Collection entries
-*-*-

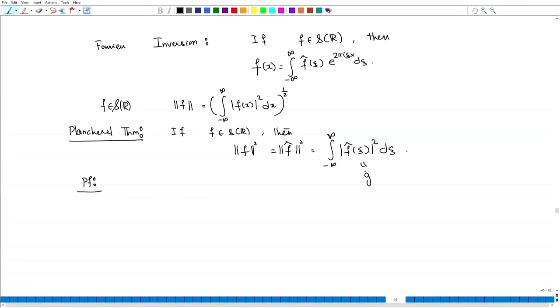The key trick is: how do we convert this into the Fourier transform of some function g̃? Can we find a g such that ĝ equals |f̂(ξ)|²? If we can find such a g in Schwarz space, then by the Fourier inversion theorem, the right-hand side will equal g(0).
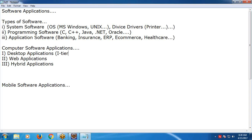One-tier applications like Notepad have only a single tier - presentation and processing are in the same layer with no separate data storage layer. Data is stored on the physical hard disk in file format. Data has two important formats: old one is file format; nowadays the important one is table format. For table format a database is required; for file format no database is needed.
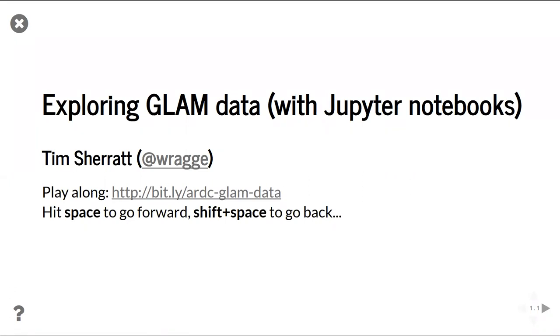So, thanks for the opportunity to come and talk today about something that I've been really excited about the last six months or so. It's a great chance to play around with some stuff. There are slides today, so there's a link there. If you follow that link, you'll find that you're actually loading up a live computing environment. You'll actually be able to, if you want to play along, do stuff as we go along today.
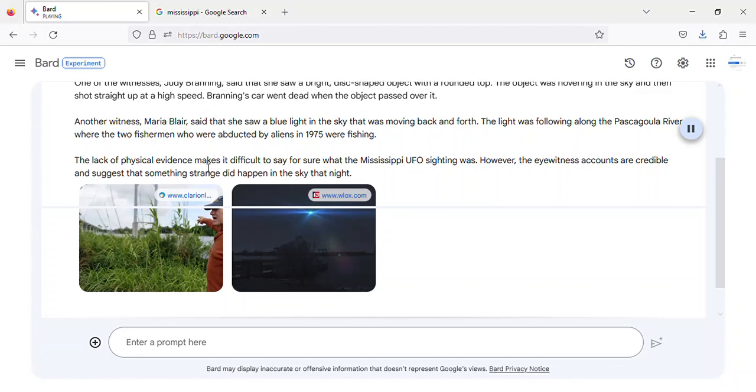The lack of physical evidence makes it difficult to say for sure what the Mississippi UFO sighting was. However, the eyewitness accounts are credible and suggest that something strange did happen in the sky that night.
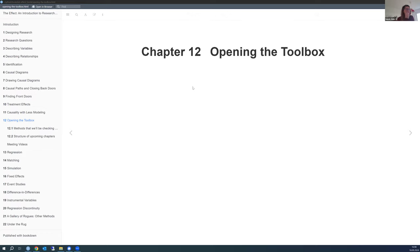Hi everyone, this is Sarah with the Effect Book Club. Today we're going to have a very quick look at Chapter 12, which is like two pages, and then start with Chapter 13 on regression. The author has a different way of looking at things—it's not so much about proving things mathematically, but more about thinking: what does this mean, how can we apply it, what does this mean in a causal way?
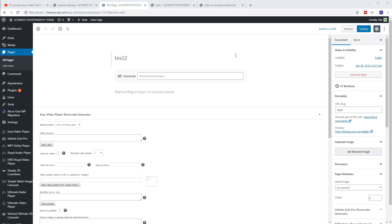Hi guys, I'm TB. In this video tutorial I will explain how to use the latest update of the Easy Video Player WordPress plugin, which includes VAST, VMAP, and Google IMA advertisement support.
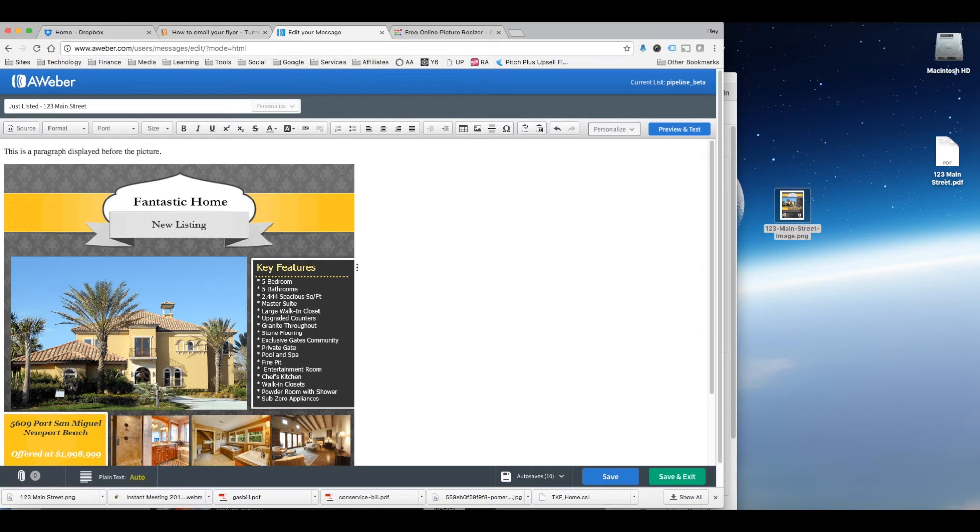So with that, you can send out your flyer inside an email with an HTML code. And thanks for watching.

-*-*-

** THE TASK **
From the entries above, copy exactly the lines starting at the one with "The lack of" and stopping at the one with "Hi guys, I'm", keeping both ends. Drop the pictures.

** ANSWER TO THE EXERCISE **
The lack of physical evidence makes it difficult to say for sure what the Mississippi UFO sighting was. However, the eyewitness accounts are credible and suggest that something strange did happen in the sky that night.
Hi everyone, this is Sarah with the Effect Book Club. Today we're going to have a very quick look at Chapter 12, which is like two pages, and then start with Chapter 13 on regression. The author has a different way of looking at things—it's not so much about proving things mathematically, but more about thinking: what does this mean, how can we apply it, what does this mean in a causal way?
Hi guys, I'm TB. In this video tutorial I will explain how to use the latest update of the Easy Video Player WordPress plugin, which includes VAST, VMAP, and Google IMA advertisement support.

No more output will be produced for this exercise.